Both Entergy and FPL Group offered up different reasons for the dissolution.
In a statement released within hours of the official termination announcement, Entergy claimed that “various positions taken by FPL” would have undermined the original merger-of-equals agreement between the two companies. Entergy also cited a belief that the merger wouldn’t manage to survive the gauntlet of regulatory approval as an additional reason for its dismissal.
Lining up the disagreements between the two companies, Entergy stated their opposition to FPL chairman and CEO James Broadhead’s changes to the corporate structure, the advice of its financial advisors Morgan Stanley Dean Witter and J.P. Morgan that the transaction was “equivalent to a takeover without a premium,” the changes that FPL wished to make with organizational structure and the opposing non-regulated business strategies as underlying factors to the final termination.
Moody’s Investors Service at least confirms that Entergy is not being tossed out along with the merger. While the company’s rating did slide from positive to stable after the announcement, Moody’s states simply that “the stable rating outlook for each of Entergy’s operating subsidiaries reflects the elimination of any benefits that may have resulted from the combination with a stronger entity.”
FPL Group also gave a litany of factors contributing to the merger’s belly-up status. In their follow-up statement to the dissolution announcement, FPL cited “discrepancies in Entergy’s financial forecasts” as being the major factor in FPL’s decision.
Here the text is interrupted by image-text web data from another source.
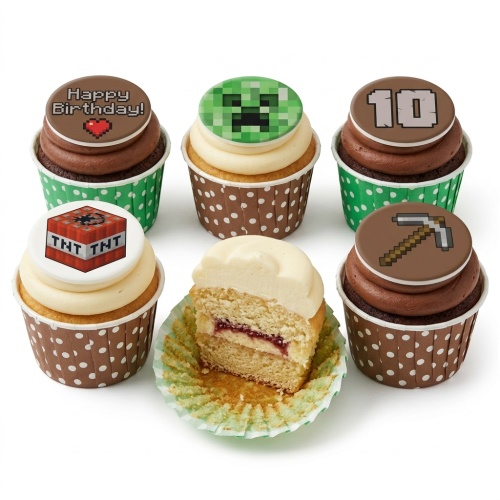 Minecraft themed birthday cupcakes with Creeper, TNT, pickaxe, 'Happy Birthday!' and custom age toppers.
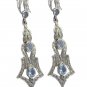 Riyo A Blue Topaz 925 Solid Sterling Silver Intricate Earring L 3in Sebto-10046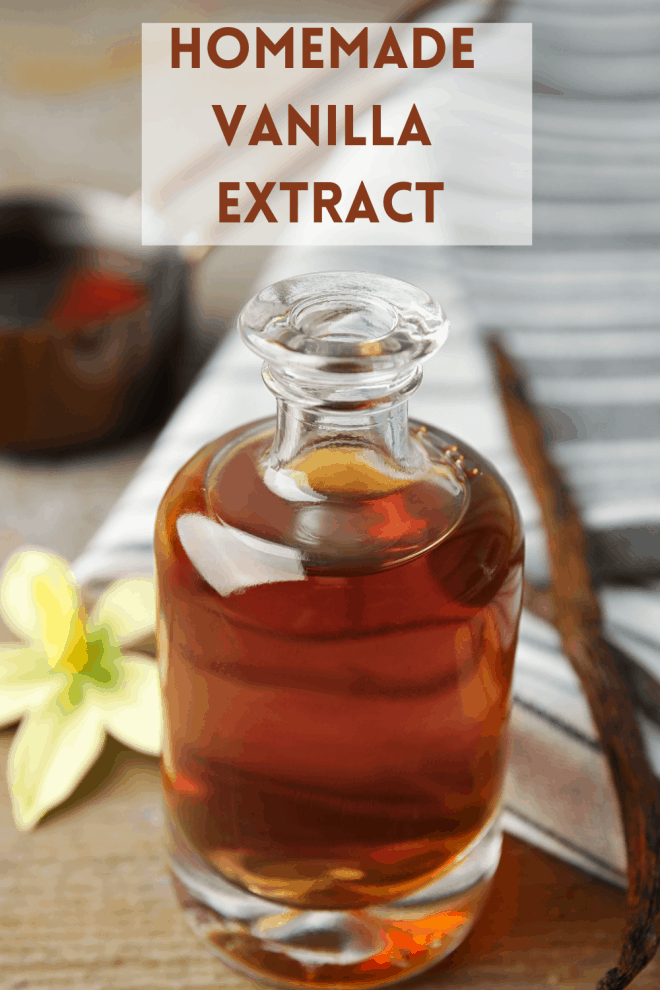 Homemade Vanilla Extract in glass bottle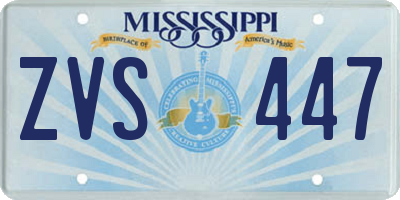 MS license plate ZVS447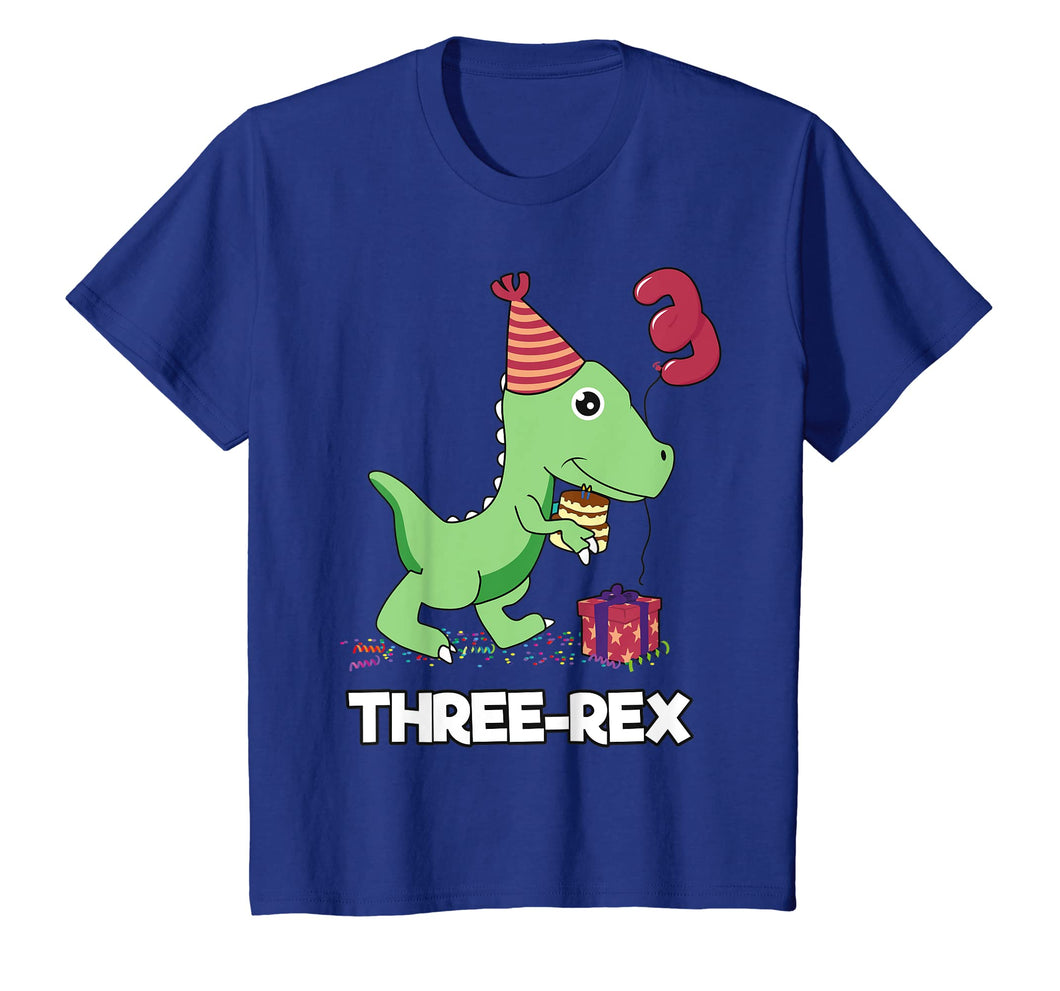 Kids 3 year old birthday gift Boy Shirt Dinosaur Three Rex Kids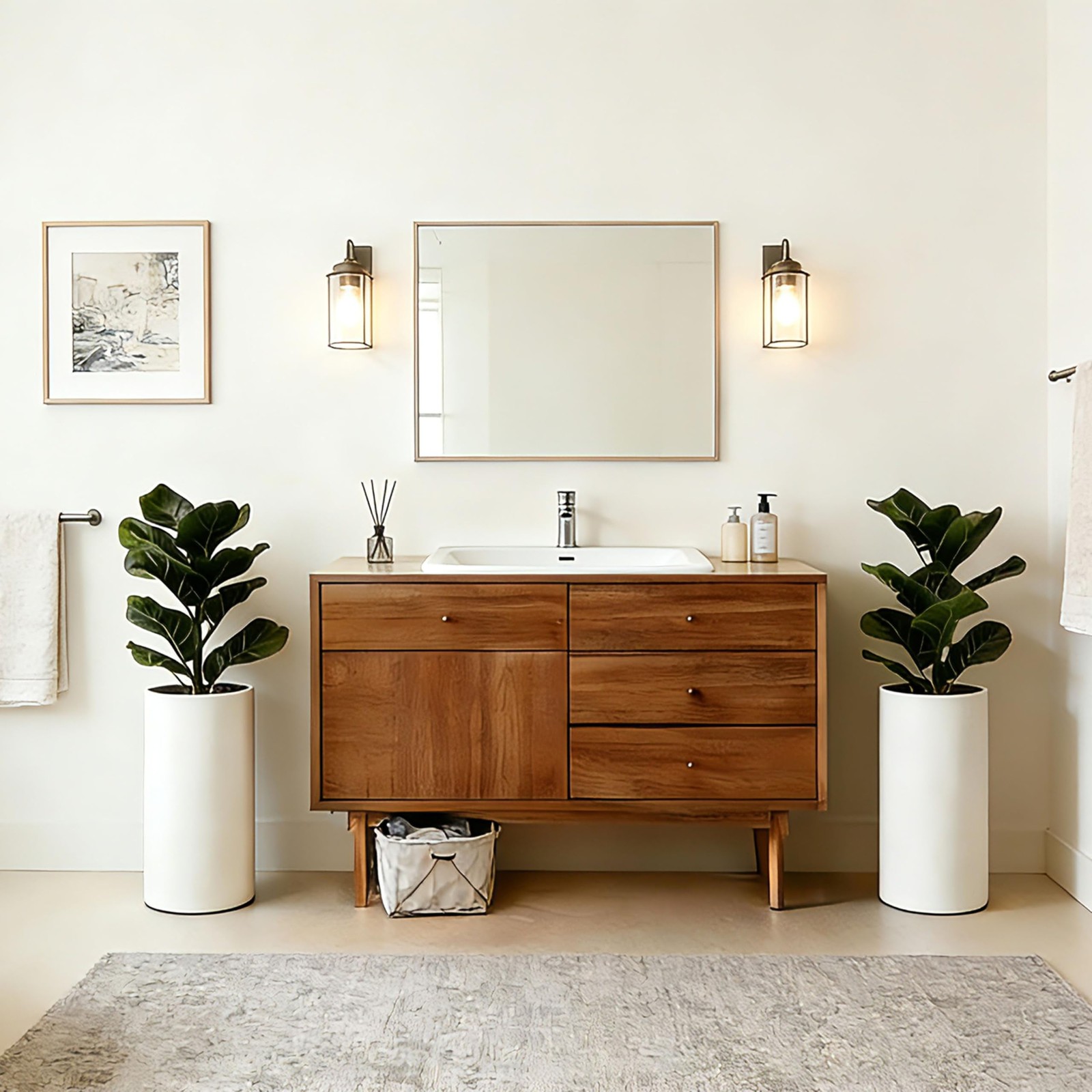 2 Pack Artificial Fiddle Leaf Fig Tree 30 In Fake Ficus Plant with Pots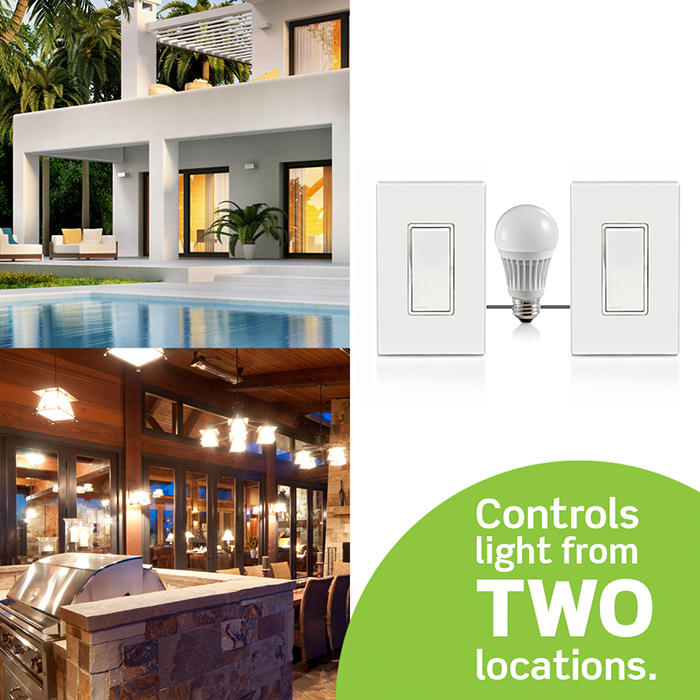 Leviton 20A 120/277V Decora Weather-Resistant 3-Way Switch Residential Grade White (W5623-2W)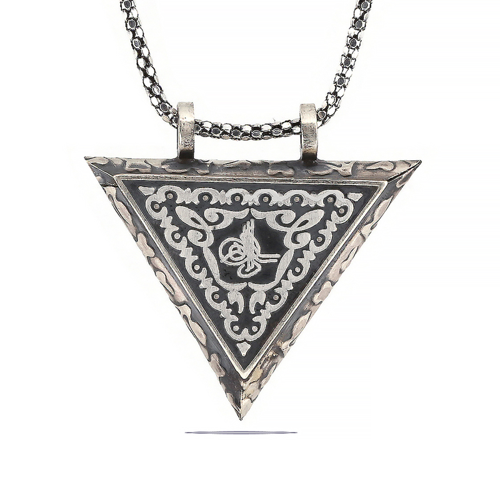 925 Ayar Gümüş Üçgen İçi Açılabilen Tuğra Muskalık Gümüş Kolye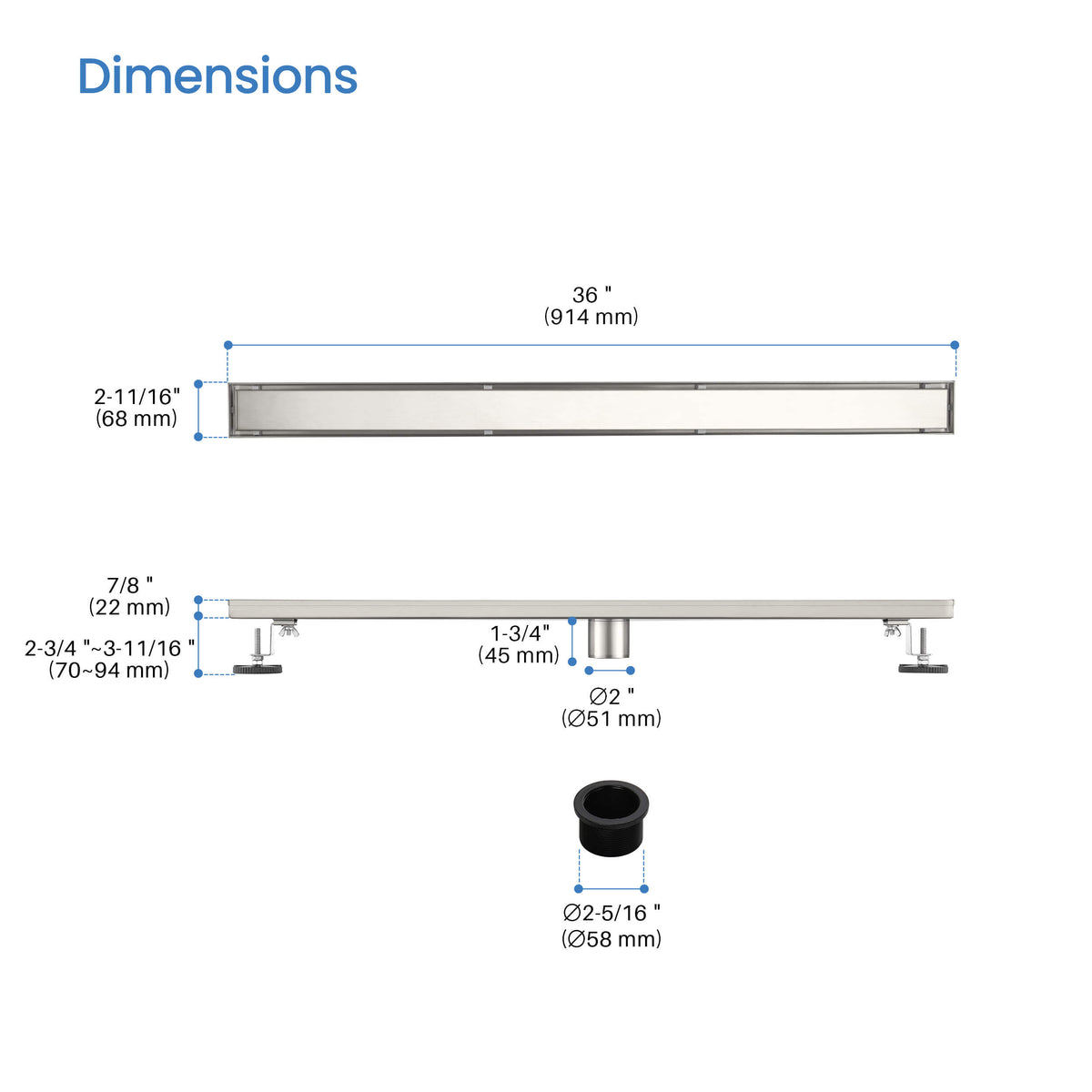 36 inch Tile-in Linear Shower Drain - CFD-3601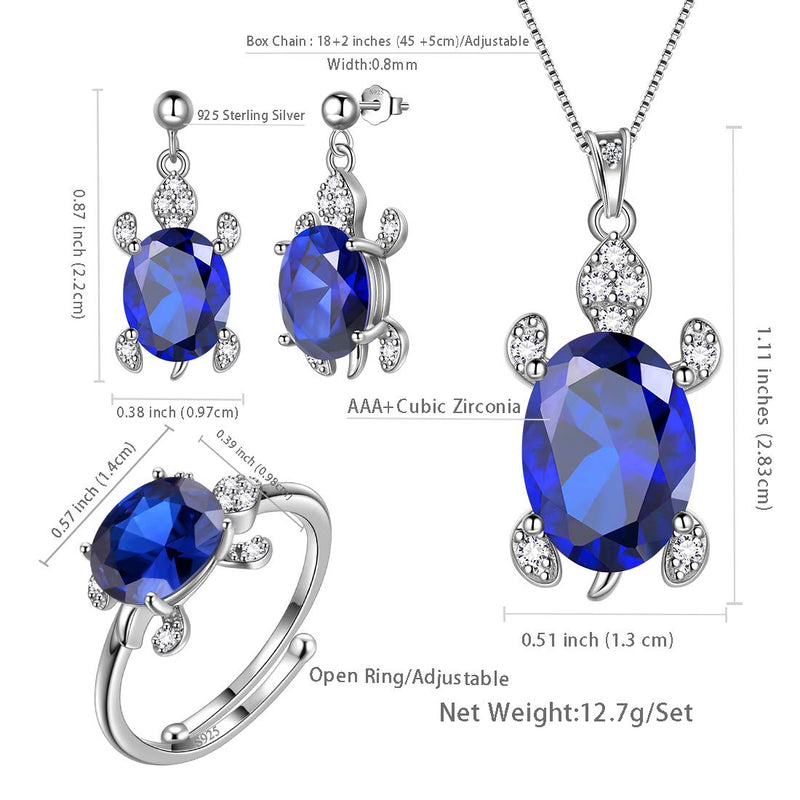 [Australia] - Aurora Tears Tutrle Jewelry 925 Sterling Silver Women Sea Animal Turtle Necklace/Earring/Ring/Bracelet Crystal Cubic Zirconia Jewelry blue-sapphire 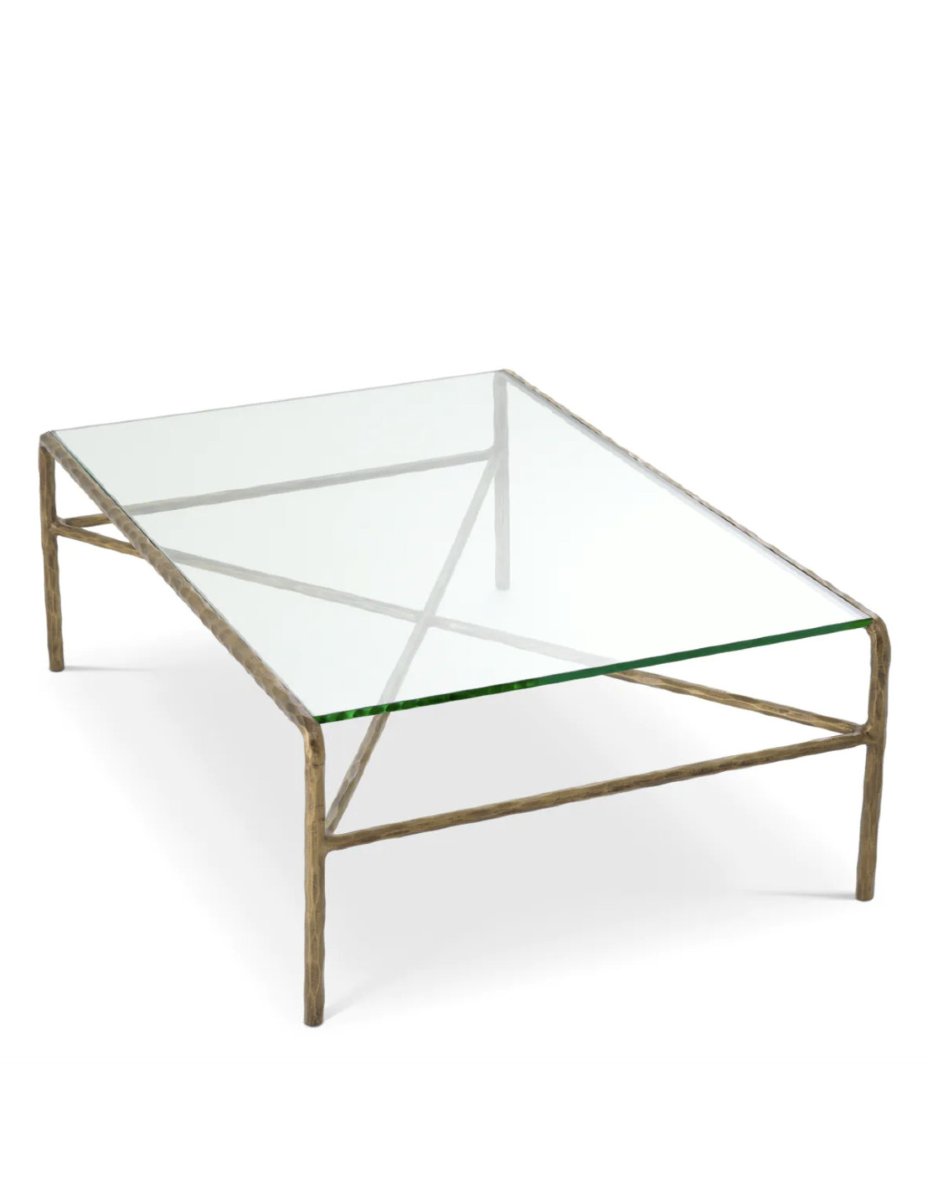 Table basse avec plateau en verre trempé et structure en aluminium finition laiton vintage-photo-4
They also claimed that Entergy repeatedly refused to provide financial documents and other information requested by FPL.
As Entergy had, FPL Group also included an extended list of mitigating factors: regulatory restrictions that they foresaw in the mix, tension between FPL and Entergy on operation and management styles, and varying visions of the future for the combined company.
Moody’s has also given FPL Group and its subsidiary Florida Power & Light Co. a stable rating, removing it from the possible downgrade that had been hanging over its collective head since the last August-just after the merger was initially announced.